EXERCISE DESCRIPTION: In your copy, set down the entries exactly and exclude the pictures.

____ DATA PROVIDED

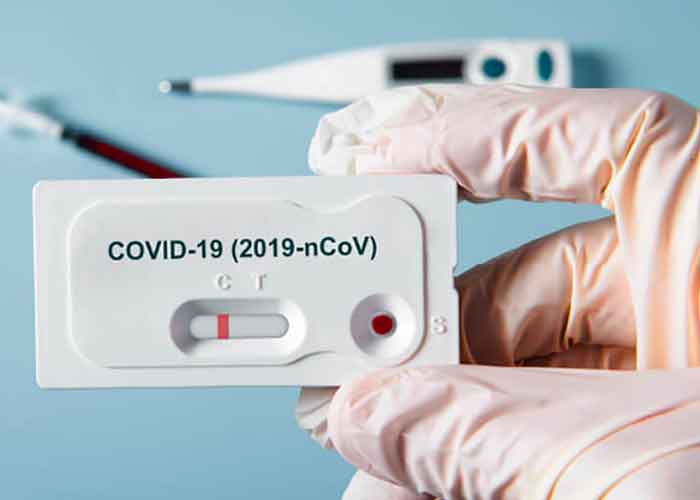incautan-pruebas-falsas francia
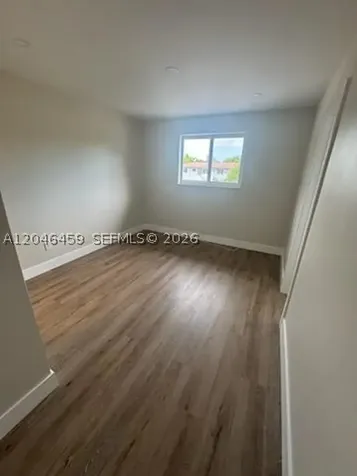 6805 SW 88th Street Pinecrest FL 33156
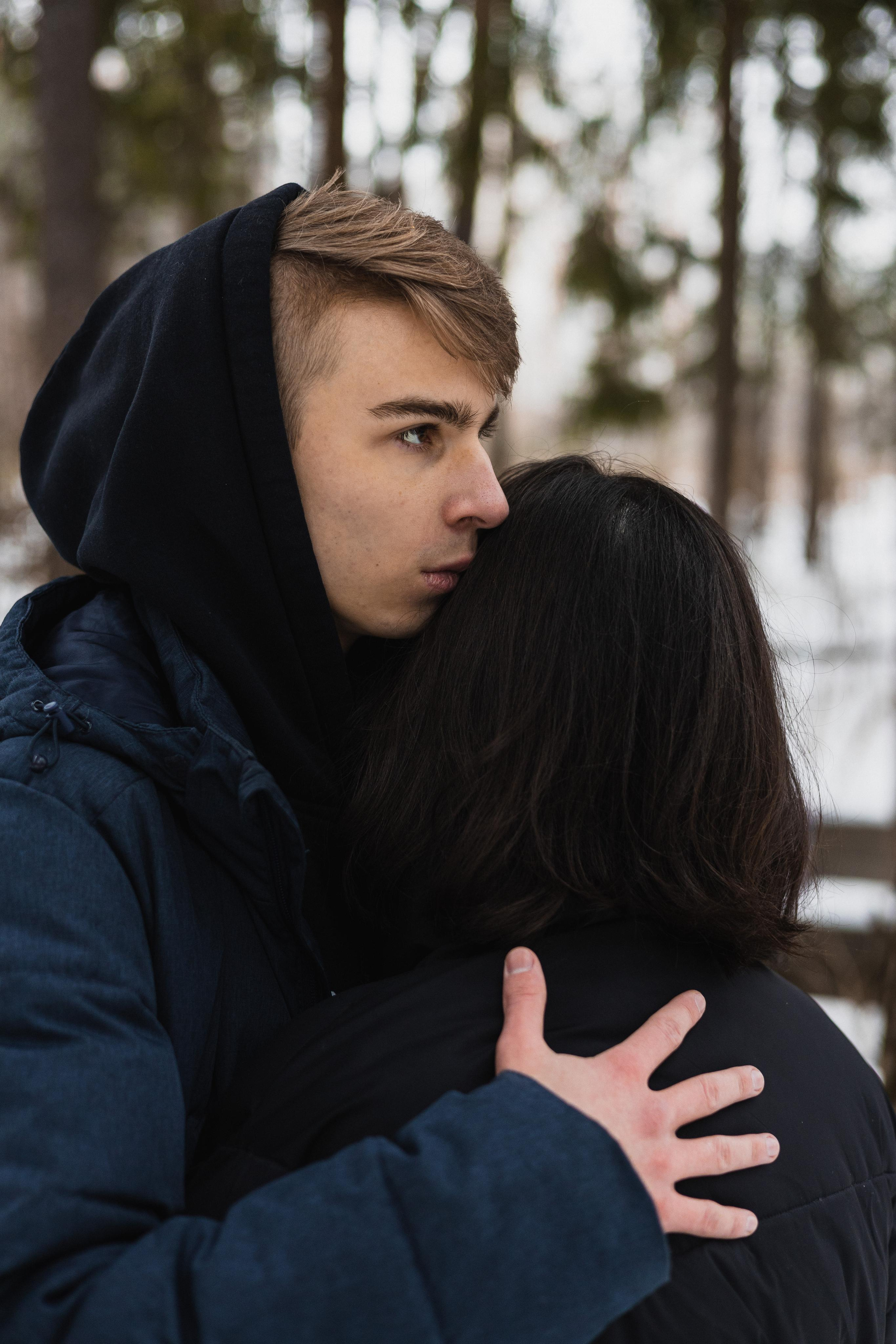 N&N. Евгения Волошина Фотограф Москва / Белгород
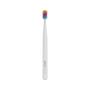 Imagem de Escova Dental Kess Pro 6580 Colorful Extra Macia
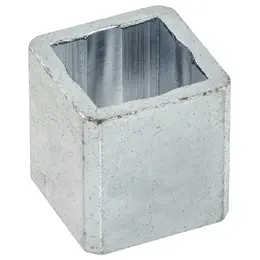 ZGI-001_4.jpg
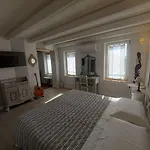 Bed & Breakfast Corte Colli Antichi 3*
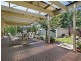 10 Acacia Way, Wallan VIC 3756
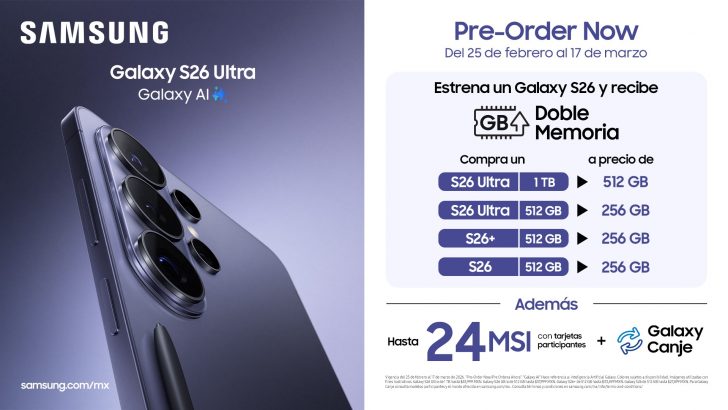 ODT_B083_PreOrder_KVS26Ultra_1920x1080VF.jpg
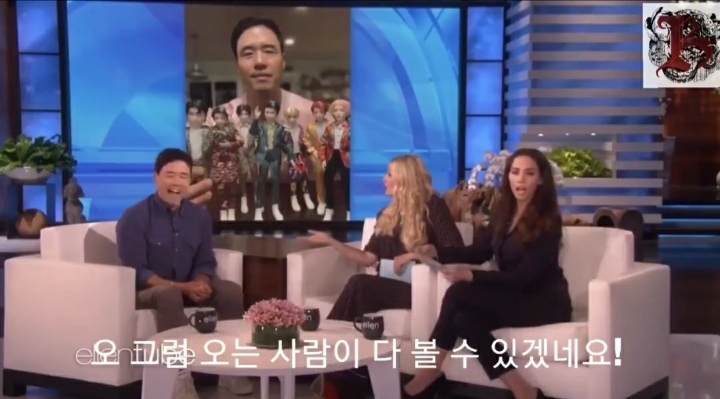 6beb2fb0c58cfd01d6dd75c88d6308f0ee100199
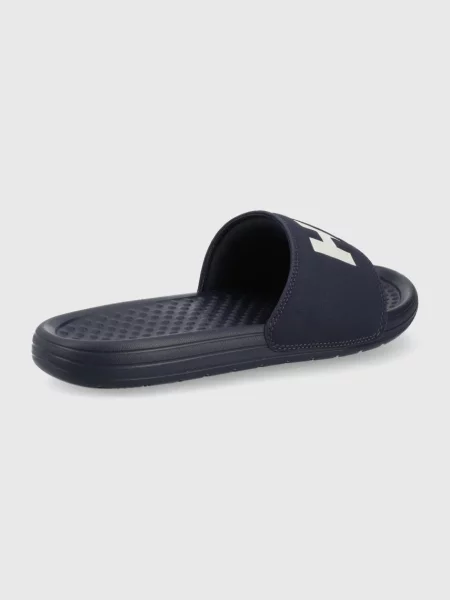 Helly Hansen Natikači modra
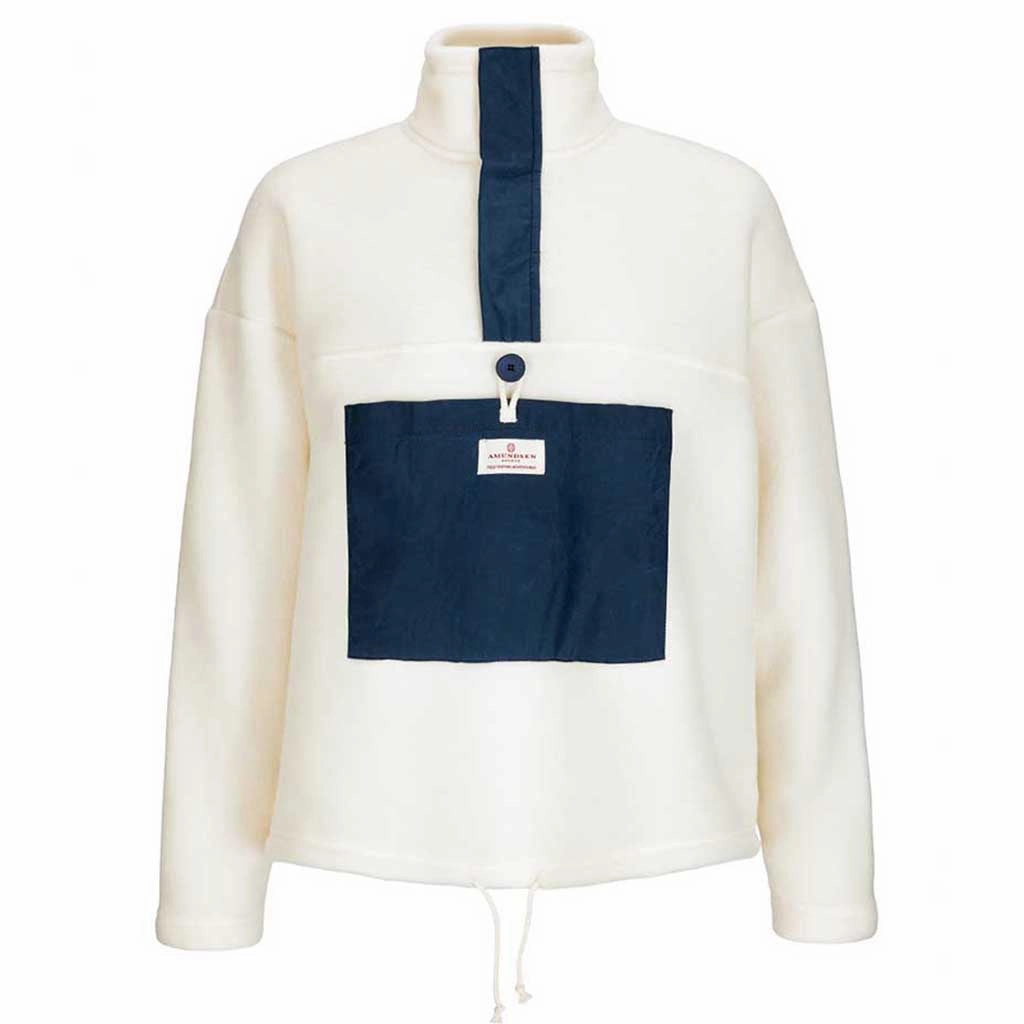 Hot Pick Online Big Price Drop Vagabond Waxed Fleece | Women'S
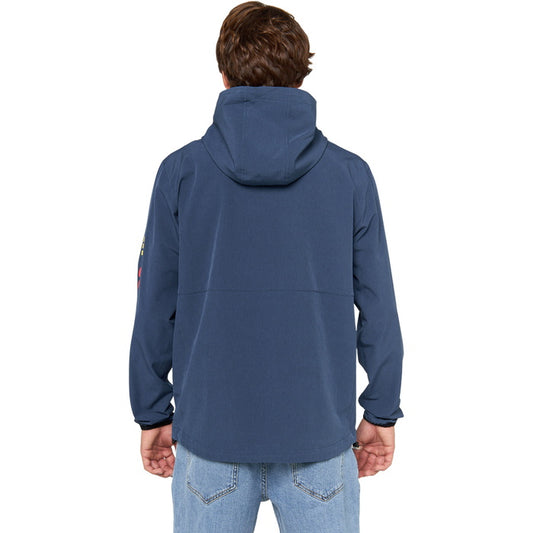 ANTI SERIES ELITE JACKET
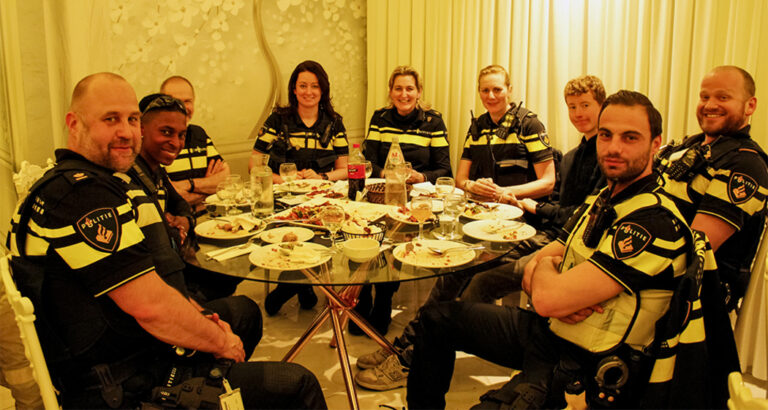 kuzey-hollanda-polisinden-dayani (3)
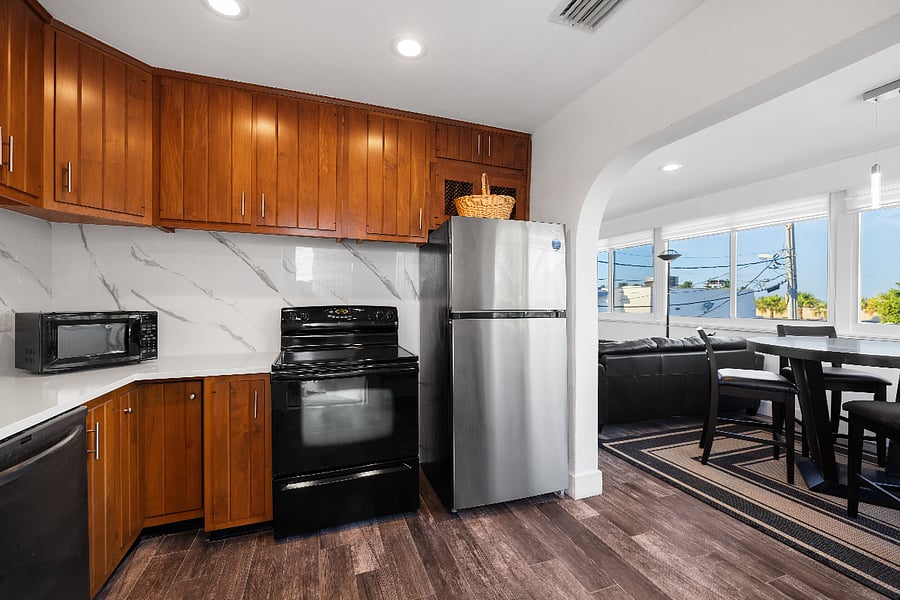Furnished Finder property 287589_7 photo 14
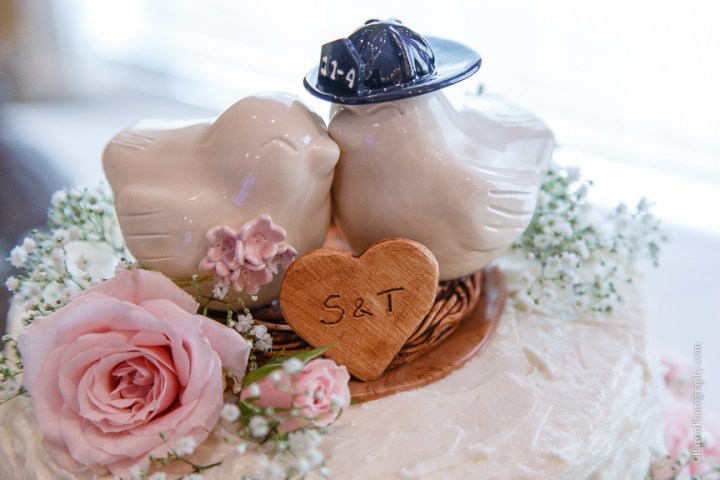 Anniversary Dance; Baby's breath; Blush; C. Baron Photography; Christmas Lights; Couple; FDNY; Fire truck leave; Fireman; Houston Wedding Photographer; Lace; Live Oak; Oak Tree Manor; Outdoor Ceremony; Rain; Reception; Shoe game; Spring; Stiing Quartet; Strapless; Swanky Photobooth; Texas; Wedding; Woodlands Wedding Photographer; bubbles; burlap; pink; roses; rustic; shabby chic;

________

FINAL ANSWER:
incautan-pruebas-falsas francia
 6805 SW 88th Street Pinecrest FL 33156
 N&N. Евгения Волошина Фотограф Москва / Белгород
 Imagem de Escova Dental Kess Pro 6580 Colorful Extra Macia
 ZGI-001_4.jpg
 Bed & Breakfast Corte Colli Antichi 3*
 10 Acacia Way, Wallan VIC 3756
 ODT_B083_PreOrder_KVS26Ultra_1920x1080VF.jpg
 6beb2fb0c58cfd01d6dd75c88d6308f0ee100199
 Helly Hansen Natikači modra
 Hot Pick Online Big Price Drop Vagabond Waxed Fleece | Women'S
 ANTI SERIES ELITE JACKET
 kuzey-hollanda-polisinden-dayani (3)
Furnished Finder property 287589_7 photo 14
 Anniversary Dance; Baby's breath; Blush; C. Baron Photography; Christmas Lights; Couple; FDNY; Fire truck leave; Fireman; Houston Wedding Photographer; Lace; Live Oak; Oak Tree Manor; Outdoor Ceremony; Rain; Reception; Shoe game; Spring; Stiing Quartet; Strapless; Swanky Photobooth; Texas; Wedding; Woodlands Wedding Photographer; bubbles; burlap; pink; roses; rustic; shabby chic;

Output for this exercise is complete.